Objecting to the Appointment of a Personal Representative
An objection to an appointment can be made only in formal proceedings. To proceed informally, all objections must be worked out by the parties before continuing. If all of the parties cannot work out the problems, then the probate has no choice but to go formally (and usually at greater expense to the estate).
If there is an objection, the priorities stated above apply, except that if the estate appears to be more than adequate to meet exemptions and costs of administration but inadequate to discharge anticipated unsecured claims, the court, on petition of creditors, may appoint any qualified person; or, in case of objection to appointment of a person other than one whose priority is determined by will by an heir or devisee appearing to have a substantial interest in the estate, the court may appoint a person who is acceptable to heirs and devisees whose interests in the estate appear to be worth in total more than half of the probable distributable value, or, in default of this accord any suitable person.
Transferring, Nominating, & Renouncing
Certain person who would otherwise be entitled to priority may nominate a qualified person to act as personal representative. Only the spouse, devisees, and other heirs may grant priority to third persons.
Any person with valid priority may renounce the right to nominate or to an appointment by appropriate writing filed with the court. When two or more persons share a priority, those who do not renounce must concur in nominating another as personal representative.
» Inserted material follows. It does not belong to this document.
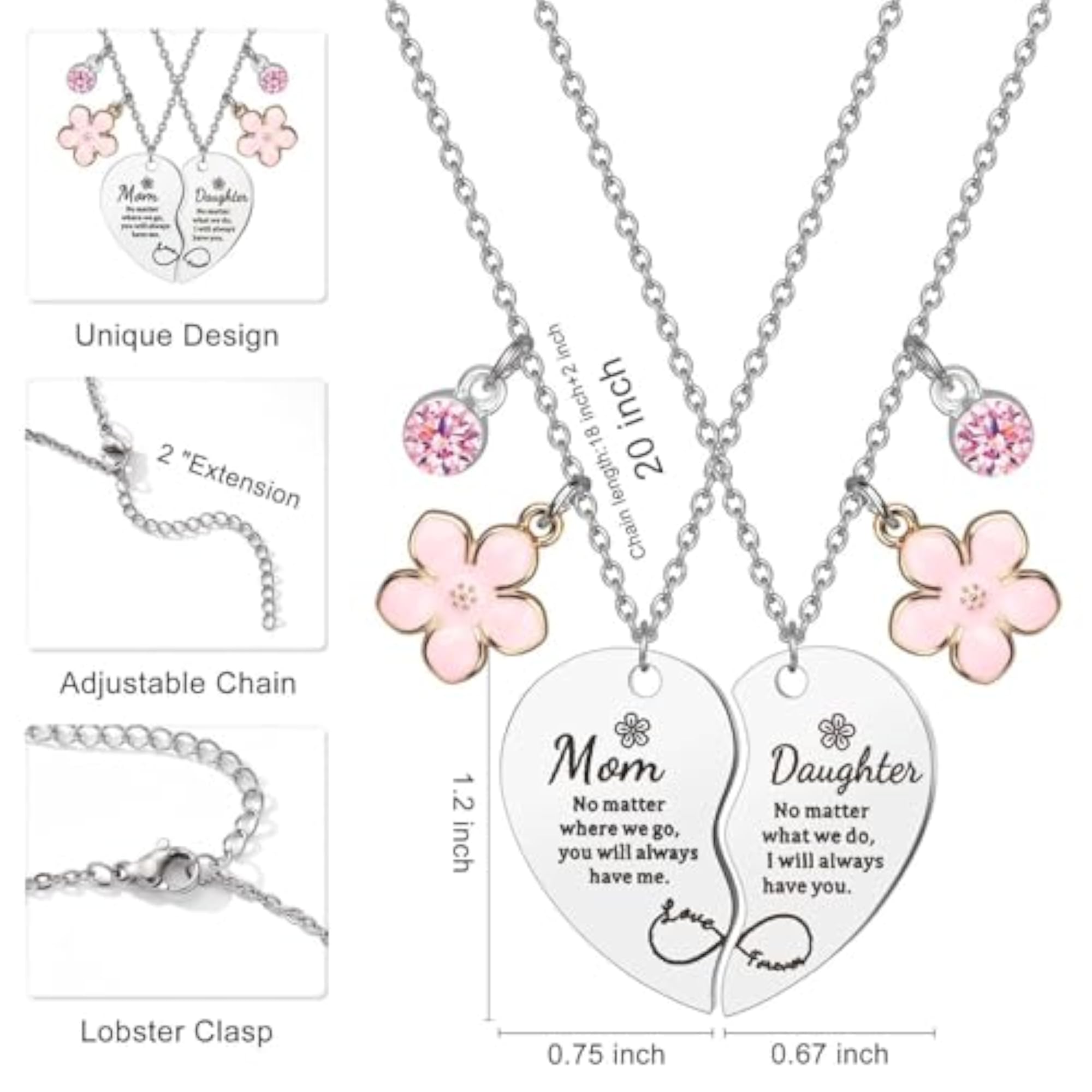 2PCS Mother-Daughter Heart Pendant Necklace Set, Perfect Gift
The concurrence of nomination will effectively act as a renunciation.
Conservators & Guardians
Conservators of the estates of protected persons, or if there is no conservator, any guardian except a guardian ad litem of a minor or incapacitated person, may exercise the same right to nominate, to object to another's appointment, or to participate in determining the preference of a majority in interest of the heirs and devisees that the protected person or ward would have if qualified for appointment.
When Formal Proceeding Is Required
Appointment of one who does not have priority, including priority resulting from disclaimer, renunciation or nomination determined pursuant to this section, may be made only in formal proceedings. Before appointing one without priority, the court must determine that those having priority, although given notice of the proceedings, have failed to request appointment or to nominate another for appointment, and that administration is necessary.
Ineligible for Appointment as Personal Representative
The personal representative may not be under age eighteen. The court will also not appoint any person as the personal representative whom it finds to be unqualified or otherwise unsuitable to act as the personal representative of the estate.